The reasoning of the majority of the UK Supreme Court is undermined by Lord Reed’s rather beautiful explanation of the European Communities Act ([183]-[187], [197]). But at least the majority decision is not based on the mere fallacy in the argument for the claimants – that is, the argument that because Parliament conferred rights, the government cannot take them away. It is a fallacy because Parliament conferred the rights in question by enacting that the treaties should have effect. The true rule is that the government cannot act contrary to what Parliament has enacted. The government does not act contrary to what Parliament has enacted if it cancels a treaty to which Parliament has given effect in UK law (see [204]).

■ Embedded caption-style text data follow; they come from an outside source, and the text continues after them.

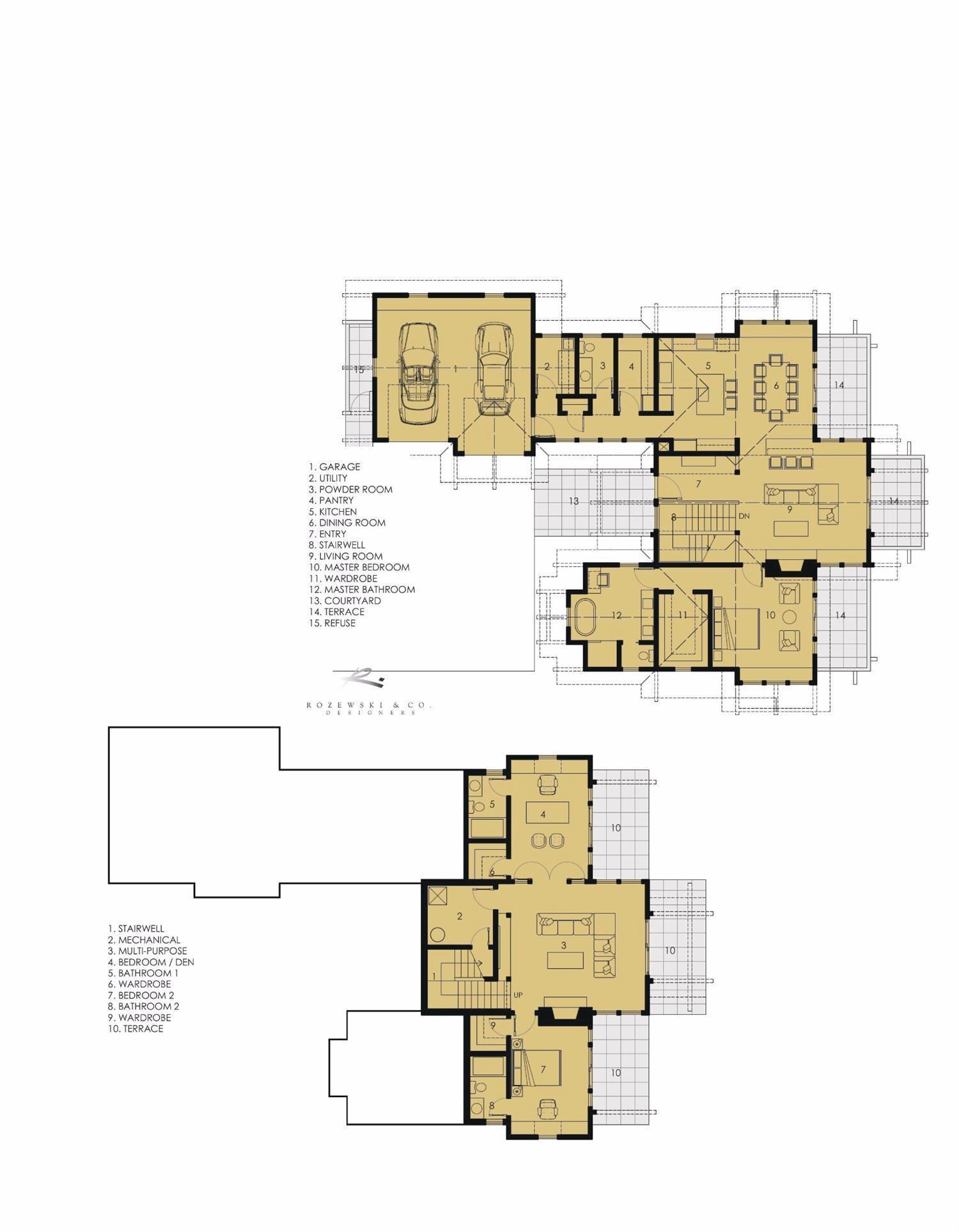 Tetherow - Residential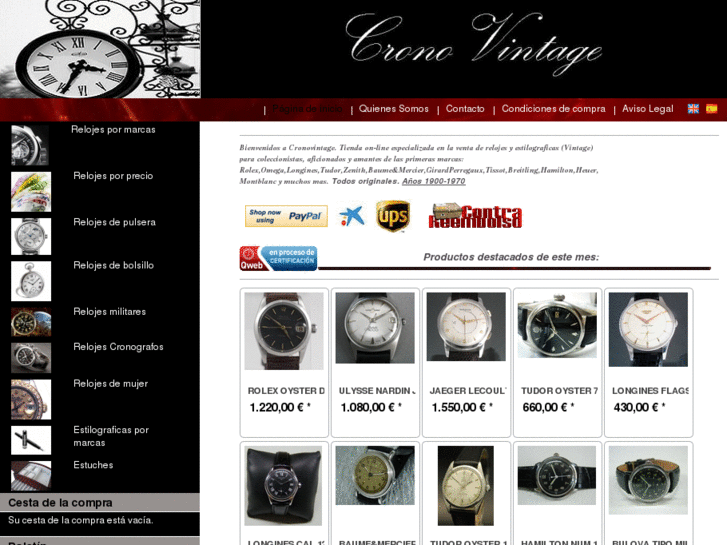 www.cronovintage.com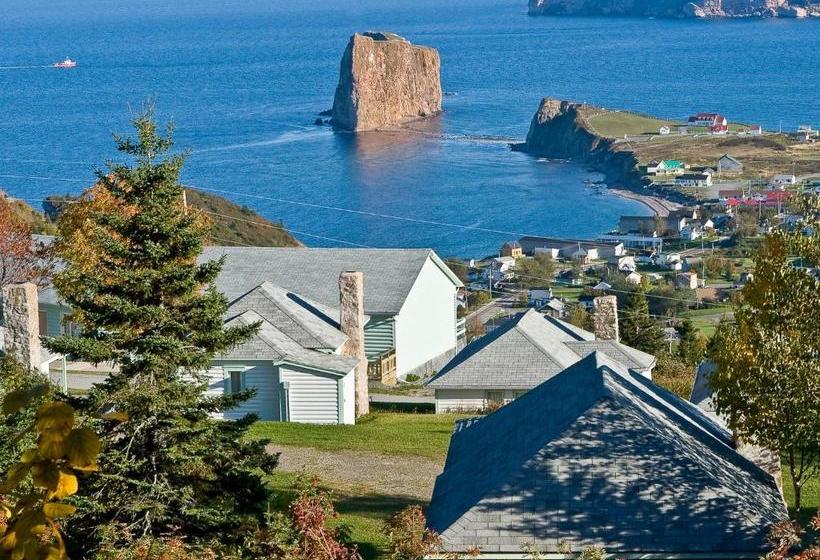 Au Pic De L Aurore Motel Chalets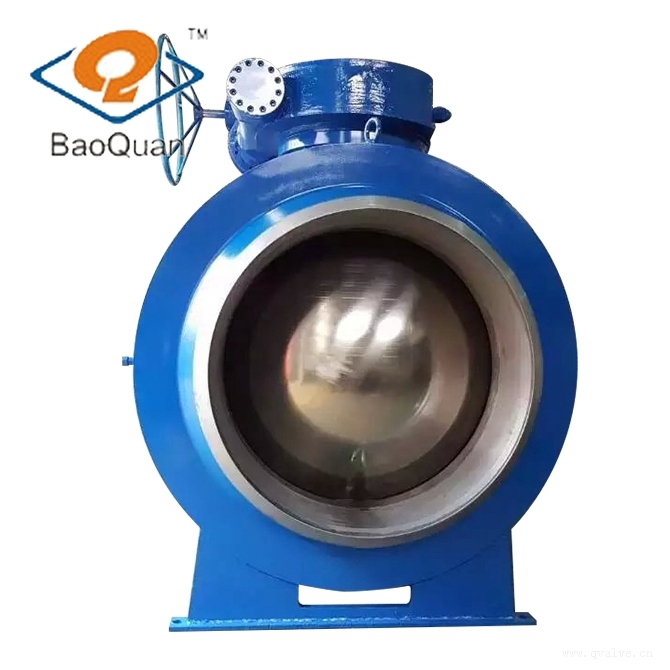 鍛鋼大口徑焊接球閥 鍛鋼大口徑焊接球閥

The basis of the majority decision is, instead, this:

‘We cannot accept that a major change to UK constitutional arrangements can be achieved by a ministers alone [sic]; it must be effected in the only way that the UK constitution recognises, namely by Parliamentary legislation.’ [82]

That is it. The constitutional importance of this treaty is too great for a minister to cancel it. No authority is offered for the proposition that, if a treaty makes a major change to UK constitutional arrangements, it cannot be cancelled without an act of Parliament. The majority say that ‘This conclusion appears to us to follow from the ordinary application of basic concepts of constitutional law’ [82].

The treaty does have great constitutional importance (‘paramount importance’, as Lord Denning said in Blackburn’s case; see Miller [159]). Its constitutional importance does nothing to support the proposition that the law prevents the government from exercising its constitutional responsibility for and authority over treaties. That would require a decision to take the power away from the government. Parliament made no such decision, as Lord Reed shows. He ([240]) and Lord Carnwath ([249]) also show that it was constitutionally unnecessary for Parliament to take away the power, because of the accountability of the government to Parliament. Triggering Article 50, if it were done by prerogative, would be ‘subject to Parliamentary scrutiny in whatever way Parliament chooses’ (Lord Carnwath [264]).

So the ECA 1972 did not take away the government’s authority to trigger Article 50. But now the Supreme Court has done so.

Timothy Endicott is Professor of Legal Philosophy in the University of Oxford.